I agree with you matt 100% .

Trouble is a lot of people wouldnt know what a good GTR was if it asked them out.

Same with Stageas . Prices have dropped cos theres so may cheap cars. Whilst some may be good a lot will just be money pits. People who dont know what to look for and end up buyiing the first half shiny car they see. (cos its only done 52.000 miles)

Because as we all know its now law in japan that you have to sell your car when it reches 60.000 miles .


----------



## skyrocker (Feb 14, 2005)

Matty, I totally agree with your concerns.
Lots of Skylines in very bad shape are coming into The Netherlands as well nowadays. 99.9% of them are from the UK. Sometimes I just can't believe my eyes really. Very sad development. 

Henk


----------



## Adam Kindness (Jun 22, 2002)

what a bunch of Fan Boys :lol:


They arent trying to hide anything.... the pics shows the car, an 11yr old second hand car! They have set a price. You dont have to buy it.

I think its complety unprofessional for 'traders' to try and scupper other peoples bussines.

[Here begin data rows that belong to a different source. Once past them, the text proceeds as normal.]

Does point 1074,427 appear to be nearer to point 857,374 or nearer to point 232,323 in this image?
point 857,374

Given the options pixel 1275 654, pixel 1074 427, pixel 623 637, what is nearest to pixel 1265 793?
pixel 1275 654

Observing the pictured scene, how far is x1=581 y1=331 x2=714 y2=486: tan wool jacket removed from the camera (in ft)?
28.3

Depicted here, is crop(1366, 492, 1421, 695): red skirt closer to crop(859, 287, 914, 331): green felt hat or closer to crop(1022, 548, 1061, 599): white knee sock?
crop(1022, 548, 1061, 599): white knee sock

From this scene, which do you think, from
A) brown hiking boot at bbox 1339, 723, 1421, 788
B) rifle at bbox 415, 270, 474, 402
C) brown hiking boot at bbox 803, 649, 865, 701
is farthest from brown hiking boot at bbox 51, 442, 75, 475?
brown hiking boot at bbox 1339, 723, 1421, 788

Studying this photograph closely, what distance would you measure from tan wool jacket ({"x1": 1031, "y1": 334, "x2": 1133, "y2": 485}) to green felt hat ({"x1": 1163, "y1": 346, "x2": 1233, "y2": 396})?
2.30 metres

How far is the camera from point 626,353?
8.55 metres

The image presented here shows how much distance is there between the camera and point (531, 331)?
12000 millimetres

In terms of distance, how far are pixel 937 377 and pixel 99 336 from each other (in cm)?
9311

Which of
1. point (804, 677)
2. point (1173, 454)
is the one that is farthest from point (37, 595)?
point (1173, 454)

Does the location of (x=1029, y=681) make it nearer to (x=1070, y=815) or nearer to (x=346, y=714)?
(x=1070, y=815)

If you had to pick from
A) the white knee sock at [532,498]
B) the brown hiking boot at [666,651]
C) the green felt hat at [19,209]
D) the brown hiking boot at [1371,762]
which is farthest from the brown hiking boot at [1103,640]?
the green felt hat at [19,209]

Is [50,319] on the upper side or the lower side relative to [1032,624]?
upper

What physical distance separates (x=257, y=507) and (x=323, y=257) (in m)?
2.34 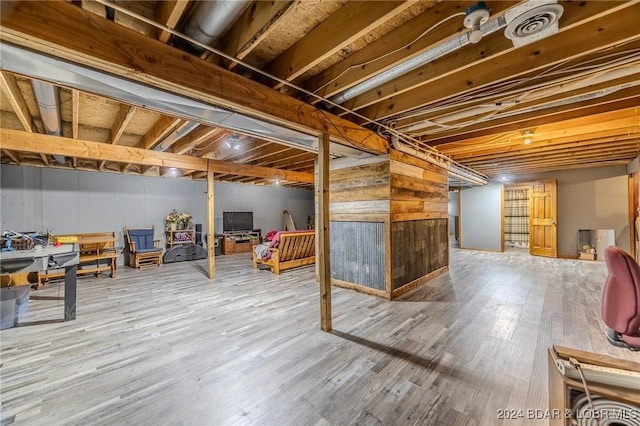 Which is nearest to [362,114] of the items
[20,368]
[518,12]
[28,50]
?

I may be completly blind but all I see is an 11yr old R33 GTR in need of a little TLC and a wash. Lots of cars get their bumpers cracked during transit, its tricky to keep a car spotless at this time of year (esp white)... and its tricky to prevent some other nugget possibly dinging a wing. Rust on the strut tops.... could just be dirt LOL

My point is you have as much chance of buying a UK market car with all the same problems.... Its a second hand car! If someone wants a pristine example they wont buy that one.


----------



## Grim_ (Aug 18, 2008)

Adam Kindness said:


> I may be completly blind but all I see is an 11yr old R33 GTR in need of a little TLC and a wash. Lots of cars get their bumpers cracked during transit, its tricky to keep a car spotless at this time of year (esp white)... and its tricky to prevent some other nugget possibly dinging a wing. Rust on the strut tops.... could just be dirt LOL
> 
> My point is you have as much chance of buying a UK market car with all the same problems.... Its a second hand car! If someone wants a pristine example they wont buy that one.


Sanity...^^



matty32 said:


> anyways came across this example of a 33 gtr
> 
> a) i cant believe the price
> b) the condition is unbelievable
> ...


Agreed the price is somewhat steep given what i've seen being sold recently but surely cars like this at this price will not devalue GTROC cars. I would have thought the exact opposite. A flood of cars at this price & "quality" will add value to any pristine example.


----------



## Cris (Sep 17, 2007)

Looks over priced to me. I can see a couple of interesting bits on it and perhaps for the right price could be worth sorting out. The question is what would the same money buy?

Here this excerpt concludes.